2

DSpace offers search on the bases of item name but if a item contains multiple files so can we perform search on the basis of that item name ?

How we can customize DSpace to allow search on the bases of file name inside a item because a item can contain multiple files ?

MartinW
  • 4,966
  • 2
  • 24
  • 60
Ruchi arora
  • 113
  • 1
  • 8

2 Answers2

2

Assuming you're using the Solr-based search option (default since at least DSpace 4.x), the fulltext file names are indexed to the stream_name field. Just put stream_name:xyz into the search box to find items that have a file whose name contains "xyz".

For example, this search (XMLUI) / this search (JSPUI) finds the two items on the demo server that have a file called Atlas.pdf (note the search results will change as the demo server items change).

schweerelos
  • 2,189
  • 2
  • 17
  • 25
  • Thank you. But as you wrote, only the *fulltext* file names are indexed. E.g. file names of image files seem not to be written to the index? Also, while the JSON suggests an array, more than one filename are just written to one single string: `"stream_name": ["file1.pdf.txt;file2.xlsx.txt"]` – MartinW Sep 04 '17 at 09:32
  • Where would I look to extend DSpace, so that I can write all filenames (and formats and other info I can extract from files) to the Solr "search" core? – MartinW Sep 07 '17 at 09:21
  • I just added a new `SolrServiceIndexPlugin` implementation `SolrServiceFilenamesPlugin` and added this to `discovery.xml` as a bean. Worked very well :) Would this be the right way? – MartinW Sep 07 '17 at 11:51
  • Sounds great MartinW -- please consider making a pull request to have this included in the main DSpace codebase https://github.com/DSpace/DSpace – schweerelos Sep 07 '17 at 21:20
  • Thank you, I will do so, as soon as I have tested and documented.

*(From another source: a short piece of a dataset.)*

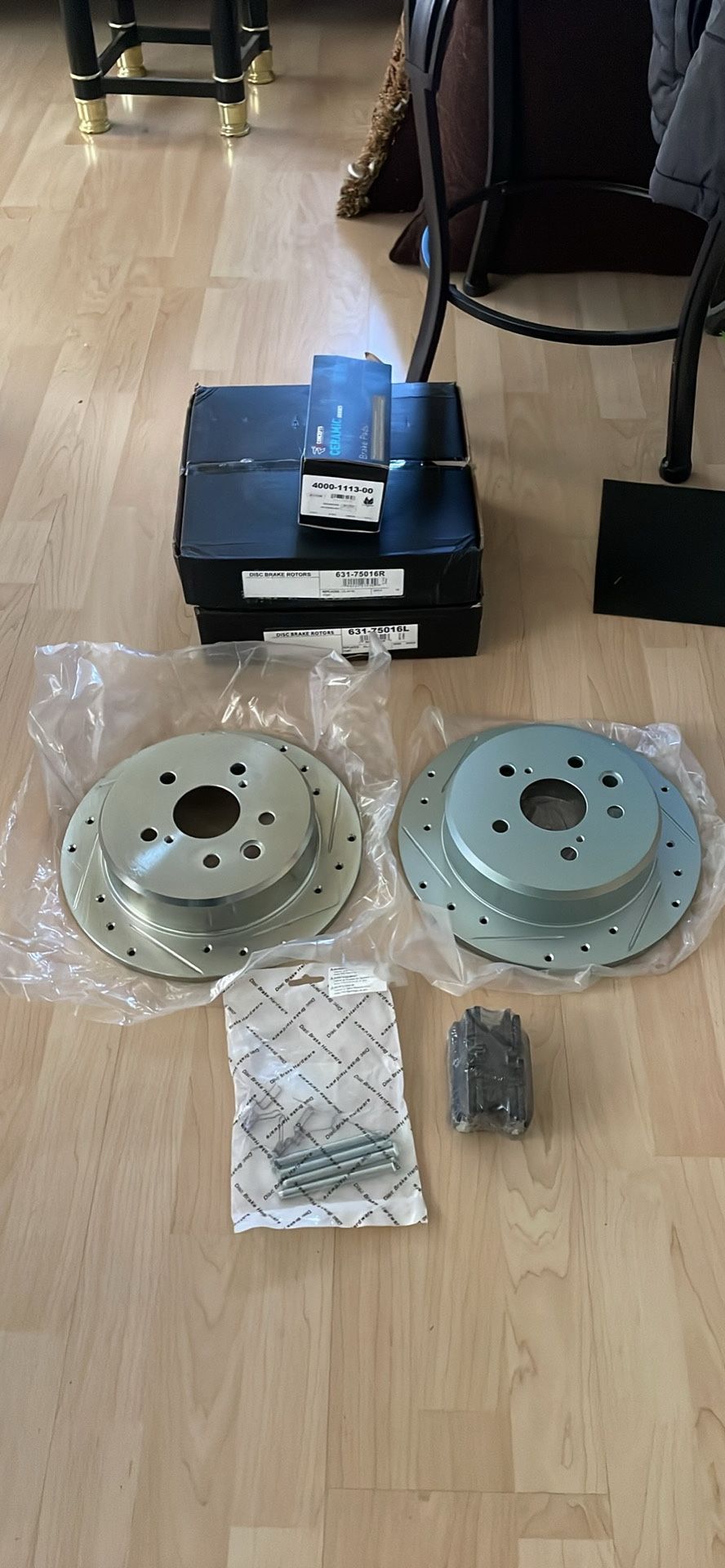 R1 Concepts Rear Brakes and Rotors 06-13 Lexus IS250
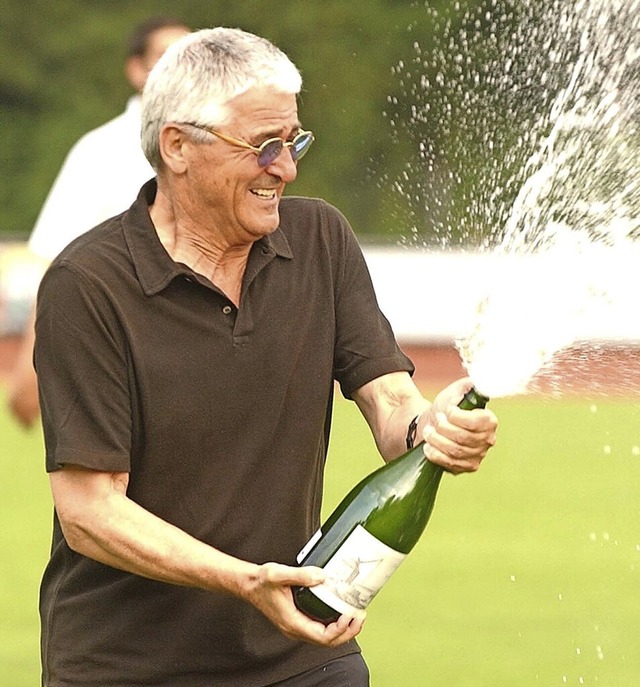 Immer korrekt: Eugen Fauser, 2003 beim Landesliga-Aufstieg des FV Lrrach   | Foto: Schn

Do you know, if I can just add fields to the Solr document, or do I have to consider entries in some schema file as well? (It does work by just adding fields to the document, but I want to do it correctly of course.) – MartinW Sep 08 '17 at 09:38
  • MartinW the solr schema for search is here: https://github.com/DSpace/DSpace/blob/master/dspace/solr/search/conf/schema.xml it includes some dynamic fields, eg all fields of pattern *_s are string fields and don't need to be defined explicitly. Perhaps ask on the DSpace dev mailing list if you're unsure what field name to go with. – schweerelos Sep 10 '17 at 21:18
  • Thanks for all your comments. [I published the plugin as a Gist.](https://gist.github.com/MW3000/5771c0488f8952bb888357ce8c655279) – MartinW Sep 11 '17 at 09:15
1

I just wrote SolrServiceFileInfoPlugin, an implementation of SolrServiceIndexPlugin. This plugin adds all filenames and file descriptions from files in the ORIGINAL bundle to the Solr index and makes them discoverable via search.

See this Gist (Search for filenames and file descriptions in DSpace) for the code and documentation.

Thanks to @schweerelos, for her comments.

MartinW
  • 4,966
  • 2
  • 24
  • 60